▶ [HOW TO COMPLETE THIS TASK] Go to the line holding "Gaston(r) Drills an" in the entries below and write out exactly every line down to and including the line holding "廣州回南天馬上要到來啦，你準(zhǔn)備好除濕措施了嗎".

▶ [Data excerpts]

━━━━━━━━━━━━━━━━

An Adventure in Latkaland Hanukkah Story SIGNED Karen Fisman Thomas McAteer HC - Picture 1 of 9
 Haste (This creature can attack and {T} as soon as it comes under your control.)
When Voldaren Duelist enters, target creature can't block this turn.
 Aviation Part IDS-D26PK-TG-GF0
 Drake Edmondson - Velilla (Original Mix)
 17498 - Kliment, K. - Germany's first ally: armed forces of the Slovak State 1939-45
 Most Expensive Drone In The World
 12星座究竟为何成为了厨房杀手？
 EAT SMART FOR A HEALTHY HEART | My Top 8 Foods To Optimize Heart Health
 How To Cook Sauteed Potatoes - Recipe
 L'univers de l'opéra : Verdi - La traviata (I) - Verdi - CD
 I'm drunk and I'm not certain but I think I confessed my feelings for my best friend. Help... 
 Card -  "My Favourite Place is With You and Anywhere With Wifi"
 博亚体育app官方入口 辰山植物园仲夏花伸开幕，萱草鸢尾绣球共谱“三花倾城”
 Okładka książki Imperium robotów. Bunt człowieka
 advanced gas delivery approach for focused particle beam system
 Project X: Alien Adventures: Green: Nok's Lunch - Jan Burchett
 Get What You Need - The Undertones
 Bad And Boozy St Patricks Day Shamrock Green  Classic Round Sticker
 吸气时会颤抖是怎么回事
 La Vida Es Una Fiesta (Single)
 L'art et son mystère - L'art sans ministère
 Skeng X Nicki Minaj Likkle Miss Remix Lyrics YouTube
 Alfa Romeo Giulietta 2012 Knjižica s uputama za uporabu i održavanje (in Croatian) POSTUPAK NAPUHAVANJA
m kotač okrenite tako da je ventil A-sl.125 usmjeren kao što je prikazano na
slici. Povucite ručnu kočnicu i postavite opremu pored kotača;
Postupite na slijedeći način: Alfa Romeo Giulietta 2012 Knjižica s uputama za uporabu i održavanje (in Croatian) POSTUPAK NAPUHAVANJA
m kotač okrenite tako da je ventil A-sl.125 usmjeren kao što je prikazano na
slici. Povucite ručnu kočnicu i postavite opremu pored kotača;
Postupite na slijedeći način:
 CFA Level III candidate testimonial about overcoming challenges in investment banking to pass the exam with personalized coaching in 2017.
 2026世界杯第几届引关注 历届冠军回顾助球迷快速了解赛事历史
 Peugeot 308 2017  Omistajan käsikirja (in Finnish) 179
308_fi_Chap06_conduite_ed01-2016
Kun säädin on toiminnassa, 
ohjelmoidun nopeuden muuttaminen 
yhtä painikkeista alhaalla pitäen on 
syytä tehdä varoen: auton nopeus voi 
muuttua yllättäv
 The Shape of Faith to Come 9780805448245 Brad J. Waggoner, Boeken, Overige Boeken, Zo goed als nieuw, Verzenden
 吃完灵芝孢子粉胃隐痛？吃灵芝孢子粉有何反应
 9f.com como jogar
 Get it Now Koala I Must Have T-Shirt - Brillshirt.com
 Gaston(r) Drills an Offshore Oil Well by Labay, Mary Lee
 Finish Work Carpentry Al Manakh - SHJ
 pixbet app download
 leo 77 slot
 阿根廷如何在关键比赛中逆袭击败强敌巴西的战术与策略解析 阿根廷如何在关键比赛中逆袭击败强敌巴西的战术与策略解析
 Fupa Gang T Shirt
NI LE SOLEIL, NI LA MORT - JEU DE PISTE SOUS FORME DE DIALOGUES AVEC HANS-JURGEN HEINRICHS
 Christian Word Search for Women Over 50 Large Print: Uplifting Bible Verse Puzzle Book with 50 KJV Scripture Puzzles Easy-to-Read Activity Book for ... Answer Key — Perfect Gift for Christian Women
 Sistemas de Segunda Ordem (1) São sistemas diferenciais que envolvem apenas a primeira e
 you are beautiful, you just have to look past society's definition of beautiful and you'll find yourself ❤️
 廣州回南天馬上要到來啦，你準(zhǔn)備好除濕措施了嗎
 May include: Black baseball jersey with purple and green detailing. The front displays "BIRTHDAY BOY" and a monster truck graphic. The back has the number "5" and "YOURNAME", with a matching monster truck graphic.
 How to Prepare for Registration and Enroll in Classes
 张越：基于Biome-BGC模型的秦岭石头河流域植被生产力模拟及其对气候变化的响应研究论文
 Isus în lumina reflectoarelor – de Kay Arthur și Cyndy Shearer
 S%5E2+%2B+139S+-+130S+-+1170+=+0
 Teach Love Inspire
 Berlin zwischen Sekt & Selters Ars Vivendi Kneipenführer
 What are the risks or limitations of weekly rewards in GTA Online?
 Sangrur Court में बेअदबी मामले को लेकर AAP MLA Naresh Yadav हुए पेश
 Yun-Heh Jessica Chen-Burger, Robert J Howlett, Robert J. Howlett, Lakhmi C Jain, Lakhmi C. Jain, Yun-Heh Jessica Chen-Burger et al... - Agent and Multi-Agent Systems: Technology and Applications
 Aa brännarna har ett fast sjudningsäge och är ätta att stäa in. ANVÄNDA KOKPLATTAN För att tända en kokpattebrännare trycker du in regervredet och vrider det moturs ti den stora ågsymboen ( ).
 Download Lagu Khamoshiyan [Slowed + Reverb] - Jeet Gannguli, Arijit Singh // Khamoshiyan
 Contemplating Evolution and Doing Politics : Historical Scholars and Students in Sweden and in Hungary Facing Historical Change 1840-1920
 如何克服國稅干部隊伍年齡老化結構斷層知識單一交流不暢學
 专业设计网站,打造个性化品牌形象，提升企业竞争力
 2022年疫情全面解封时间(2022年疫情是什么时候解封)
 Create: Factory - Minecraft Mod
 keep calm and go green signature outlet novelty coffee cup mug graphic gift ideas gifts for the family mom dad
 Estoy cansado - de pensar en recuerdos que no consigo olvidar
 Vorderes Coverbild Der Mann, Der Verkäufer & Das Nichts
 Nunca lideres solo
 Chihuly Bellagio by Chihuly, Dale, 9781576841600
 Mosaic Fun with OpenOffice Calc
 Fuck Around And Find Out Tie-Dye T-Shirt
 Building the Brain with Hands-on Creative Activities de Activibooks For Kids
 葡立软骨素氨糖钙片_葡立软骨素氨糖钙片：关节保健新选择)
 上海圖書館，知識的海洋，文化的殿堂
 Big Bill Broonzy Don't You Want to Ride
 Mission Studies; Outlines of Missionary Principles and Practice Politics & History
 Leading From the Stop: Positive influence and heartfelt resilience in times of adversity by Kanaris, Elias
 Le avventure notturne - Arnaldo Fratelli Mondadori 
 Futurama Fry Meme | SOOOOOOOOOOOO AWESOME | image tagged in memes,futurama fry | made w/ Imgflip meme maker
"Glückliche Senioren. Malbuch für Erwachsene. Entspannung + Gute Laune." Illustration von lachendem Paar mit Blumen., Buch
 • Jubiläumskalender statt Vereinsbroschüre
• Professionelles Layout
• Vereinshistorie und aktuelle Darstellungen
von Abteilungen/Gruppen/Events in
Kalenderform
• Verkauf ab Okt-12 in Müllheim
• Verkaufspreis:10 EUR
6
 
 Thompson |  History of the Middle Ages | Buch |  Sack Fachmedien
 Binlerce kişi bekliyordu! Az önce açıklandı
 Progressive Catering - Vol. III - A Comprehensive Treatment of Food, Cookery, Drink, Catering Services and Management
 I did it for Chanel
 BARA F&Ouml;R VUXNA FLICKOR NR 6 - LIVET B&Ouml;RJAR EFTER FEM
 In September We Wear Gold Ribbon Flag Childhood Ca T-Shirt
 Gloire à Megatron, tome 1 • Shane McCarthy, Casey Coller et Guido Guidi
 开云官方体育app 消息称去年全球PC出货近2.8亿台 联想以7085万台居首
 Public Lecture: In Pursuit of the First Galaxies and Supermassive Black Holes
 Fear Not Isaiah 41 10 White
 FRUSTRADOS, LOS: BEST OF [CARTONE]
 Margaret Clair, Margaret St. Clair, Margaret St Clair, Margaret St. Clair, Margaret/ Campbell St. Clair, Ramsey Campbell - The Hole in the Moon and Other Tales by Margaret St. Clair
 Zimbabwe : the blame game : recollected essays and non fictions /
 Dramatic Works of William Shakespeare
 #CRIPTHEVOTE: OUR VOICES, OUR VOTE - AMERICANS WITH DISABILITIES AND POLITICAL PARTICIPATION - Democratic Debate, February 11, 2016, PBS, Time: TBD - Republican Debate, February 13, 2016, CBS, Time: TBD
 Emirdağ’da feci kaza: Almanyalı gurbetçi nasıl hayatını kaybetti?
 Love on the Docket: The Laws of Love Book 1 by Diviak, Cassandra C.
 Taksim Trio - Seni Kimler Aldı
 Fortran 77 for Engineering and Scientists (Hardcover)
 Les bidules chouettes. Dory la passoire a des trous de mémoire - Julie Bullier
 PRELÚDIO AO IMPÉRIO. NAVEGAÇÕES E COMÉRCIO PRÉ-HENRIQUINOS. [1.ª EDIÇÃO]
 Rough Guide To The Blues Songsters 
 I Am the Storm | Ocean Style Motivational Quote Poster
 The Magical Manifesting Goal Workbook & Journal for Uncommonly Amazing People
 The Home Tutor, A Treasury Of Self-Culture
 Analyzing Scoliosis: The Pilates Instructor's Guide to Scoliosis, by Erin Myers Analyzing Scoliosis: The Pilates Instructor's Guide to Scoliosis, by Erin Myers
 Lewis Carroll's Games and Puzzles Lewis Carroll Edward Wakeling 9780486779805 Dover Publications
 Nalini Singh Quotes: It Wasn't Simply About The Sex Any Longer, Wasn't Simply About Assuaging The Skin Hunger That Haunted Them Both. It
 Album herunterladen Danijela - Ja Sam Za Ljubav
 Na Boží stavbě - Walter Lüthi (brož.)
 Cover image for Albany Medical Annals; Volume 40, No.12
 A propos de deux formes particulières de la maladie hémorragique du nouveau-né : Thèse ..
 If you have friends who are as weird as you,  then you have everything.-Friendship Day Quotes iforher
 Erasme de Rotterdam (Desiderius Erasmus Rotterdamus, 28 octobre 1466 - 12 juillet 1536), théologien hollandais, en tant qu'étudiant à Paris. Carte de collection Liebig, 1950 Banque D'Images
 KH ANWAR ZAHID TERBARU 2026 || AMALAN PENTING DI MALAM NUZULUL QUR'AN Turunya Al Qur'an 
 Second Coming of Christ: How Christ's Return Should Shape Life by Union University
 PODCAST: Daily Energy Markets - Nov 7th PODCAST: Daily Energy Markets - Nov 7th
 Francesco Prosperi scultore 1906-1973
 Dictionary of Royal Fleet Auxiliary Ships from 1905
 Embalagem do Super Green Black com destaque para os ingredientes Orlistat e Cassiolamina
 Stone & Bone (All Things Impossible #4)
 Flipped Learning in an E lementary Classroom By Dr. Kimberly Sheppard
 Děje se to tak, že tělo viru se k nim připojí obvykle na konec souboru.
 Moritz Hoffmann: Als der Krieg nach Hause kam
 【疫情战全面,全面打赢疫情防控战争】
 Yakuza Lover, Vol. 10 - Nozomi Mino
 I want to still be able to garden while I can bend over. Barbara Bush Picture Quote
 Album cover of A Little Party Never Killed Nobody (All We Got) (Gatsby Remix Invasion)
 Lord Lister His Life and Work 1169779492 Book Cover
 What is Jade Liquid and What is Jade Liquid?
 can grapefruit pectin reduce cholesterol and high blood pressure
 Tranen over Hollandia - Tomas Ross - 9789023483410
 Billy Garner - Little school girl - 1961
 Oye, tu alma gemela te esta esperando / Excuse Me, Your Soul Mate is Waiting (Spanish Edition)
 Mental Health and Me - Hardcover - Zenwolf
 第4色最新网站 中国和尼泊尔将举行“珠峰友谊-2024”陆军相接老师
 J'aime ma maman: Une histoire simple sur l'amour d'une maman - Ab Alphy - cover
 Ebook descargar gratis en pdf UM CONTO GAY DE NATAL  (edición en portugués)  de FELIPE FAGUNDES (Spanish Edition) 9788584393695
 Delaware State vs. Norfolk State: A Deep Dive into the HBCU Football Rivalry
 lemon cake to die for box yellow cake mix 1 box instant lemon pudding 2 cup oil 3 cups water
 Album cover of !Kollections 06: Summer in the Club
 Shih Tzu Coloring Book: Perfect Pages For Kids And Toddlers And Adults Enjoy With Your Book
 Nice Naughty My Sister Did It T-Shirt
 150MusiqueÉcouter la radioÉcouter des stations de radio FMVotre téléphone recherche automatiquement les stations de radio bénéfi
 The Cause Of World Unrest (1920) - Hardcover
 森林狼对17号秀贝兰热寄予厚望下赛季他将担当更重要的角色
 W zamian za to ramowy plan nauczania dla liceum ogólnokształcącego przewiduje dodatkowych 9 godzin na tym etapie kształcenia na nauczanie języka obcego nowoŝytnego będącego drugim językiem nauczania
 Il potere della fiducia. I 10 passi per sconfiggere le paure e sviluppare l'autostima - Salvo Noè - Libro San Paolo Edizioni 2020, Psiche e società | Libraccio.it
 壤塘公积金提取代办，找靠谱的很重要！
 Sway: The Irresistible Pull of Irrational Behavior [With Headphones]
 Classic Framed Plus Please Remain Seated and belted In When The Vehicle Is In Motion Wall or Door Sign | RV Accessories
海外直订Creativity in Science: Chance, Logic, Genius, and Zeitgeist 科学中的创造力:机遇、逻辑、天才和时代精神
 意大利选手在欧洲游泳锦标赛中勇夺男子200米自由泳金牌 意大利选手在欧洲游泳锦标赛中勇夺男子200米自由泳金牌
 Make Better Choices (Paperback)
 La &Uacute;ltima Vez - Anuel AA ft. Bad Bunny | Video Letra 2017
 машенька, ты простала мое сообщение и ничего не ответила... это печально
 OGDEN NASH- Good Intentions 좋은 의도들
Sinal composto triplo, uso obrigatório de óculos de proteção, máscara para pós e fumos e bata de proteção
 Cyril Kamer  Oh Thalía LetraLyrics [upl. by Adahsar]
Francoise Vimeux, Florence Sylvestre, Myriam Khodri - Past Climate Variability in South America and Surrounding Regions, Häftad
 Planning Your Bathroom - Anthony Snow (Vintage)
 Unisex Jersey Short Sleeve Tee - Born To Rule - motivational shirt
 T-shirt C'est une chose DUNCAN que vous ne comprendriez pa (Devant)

━━━━━━━━━━━━━━━━

▶ [RESULT]
 Gaston(r) Drills an Offshore Oil Well by Labay, Mary Lee
 Finish Work Carpentry Al Manakh - SHJ
 pixbet app download
 leo 77 slot
 阿根廷如何在关键比赛中逆袭击败强敌巴西的战术与策略解析 阿根廷如何在关键比赛中逆袭击败强敌巴西的战术与策略解析
 Fupa Gang T Shirt
NI LE SOLEIL, NI LA MORT - JEU DE PISTE SOUS FORME DE DIALOGUES AVEC HANS-JURGEN HEINRICHS
 Christian Word Search for Women Over 50 Large Print: Uplifting Bible Verse Puzzle Book with 50 KJV Scripture Puzzles Easy-to-Read Activity Book for ... Answer Key — Perfect Gift for Christian Women
 Sistemas de Segunda Ordem (1) São sistemas diferenciais que envolvem apenas a primeira e
 you are beautiful, you just have to look past society's definition of beautiful and you'll find yourself ❤️
 廣州回南天馬上要到來啦，你準(zhǔn)備好除濕措施了嗎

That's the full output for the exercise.